From b36930dd508e00f0c5083bcd57d25de6d0375c76 Mon Sep 17 00:00:00 2001
From: David Miller <davem@davemloft.net>
Date: Wed, 10 Nov 2010 21:56:39 -0800
Subject: dlm: Handle application limited situations properly.

In the normal regime where an application uses non-blocking I/O
writes on a socket, they will handle -EAGAIN and use poll() to
wait for send space.

They don't actually sleep on the socket I/O write.

But kernel level RPC layers that do socket I/O operations directly
and key off of -EAGAIN on the write() to "try again later" don't
use poll(), they instead have their own sleeping mechanism and
rely upon ->sk_write_space() to trigger the wakeup.

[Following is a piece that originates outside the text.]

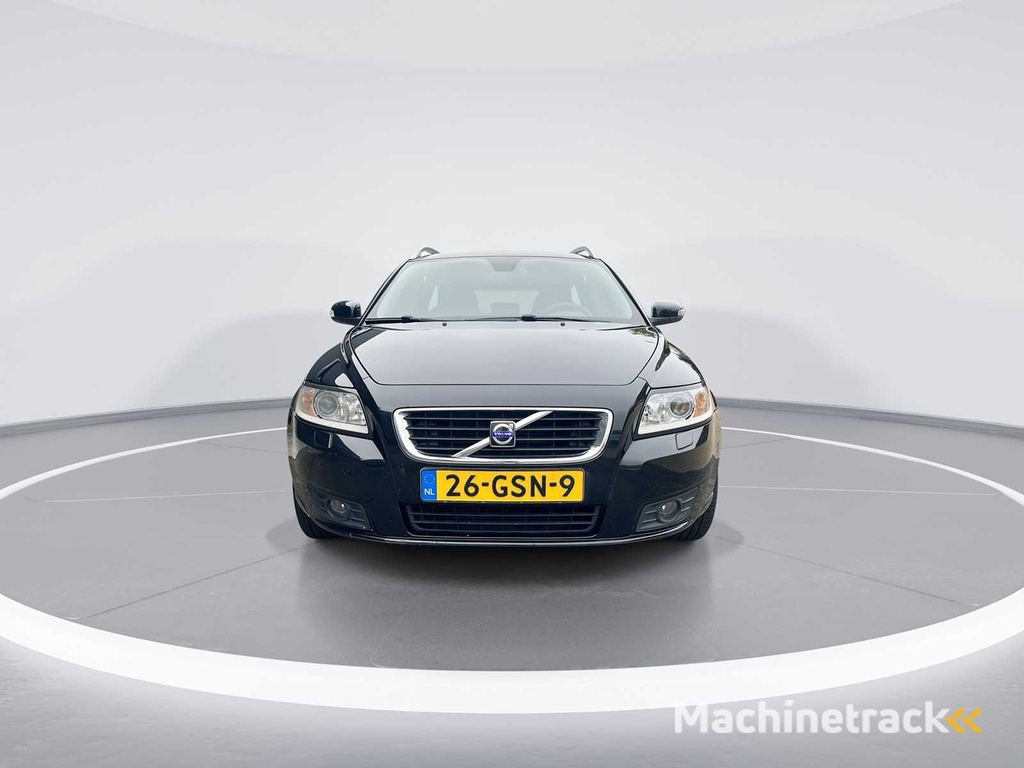 Volvo V50 1.8F Summum 2008 | 26-GSN-9 i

So they do effectively sleep on the write(), but this mechanism
alone does not let the socket layers know what's going on.

Therefore they must emulate what would have happened, otherwise
TCP cannot possibly see that the connection is application window
size limited.

Handle this, therefore, like SUNRPC by setting SOCK_NOSPACE and
bumping the ->sk_write_count as needed when we hit the send buffer
limits.

This should make TCP send buffer size auto-tuning and the
->sk_write_space() callback invocations actually happen.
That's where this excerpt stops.